> DESCRIPTION OF THE TASK:
Return only the lines below starting at the line containing "DRIP JEWELRY NECKLACES Rice Pearl Drop" and ending at the line containing "Vintage Oversized Cat", both included, exactly as they are and with no pictures.

> MATERIAL SUPPLIED:

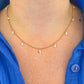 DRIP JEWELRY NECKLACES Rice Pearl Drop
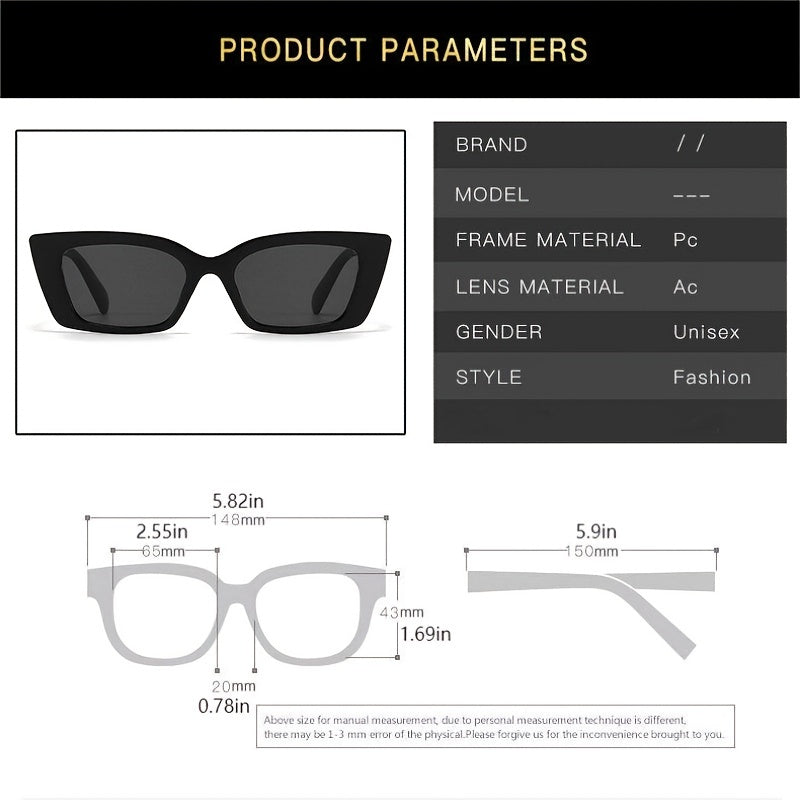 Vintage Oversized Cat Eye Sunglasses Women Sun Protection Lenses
* * *
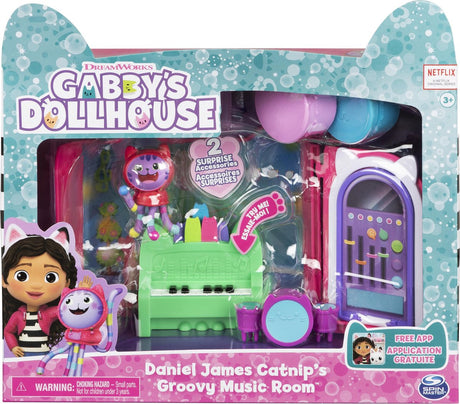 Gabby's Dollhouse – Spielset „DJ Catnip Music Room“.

> WRITTEN RESPONSE:
 DRIP JEWELRY NECKLACES Rice Pearl Drop
 Vintage Oversized Cat Eye Sunglasses Women Sun Protection Lenses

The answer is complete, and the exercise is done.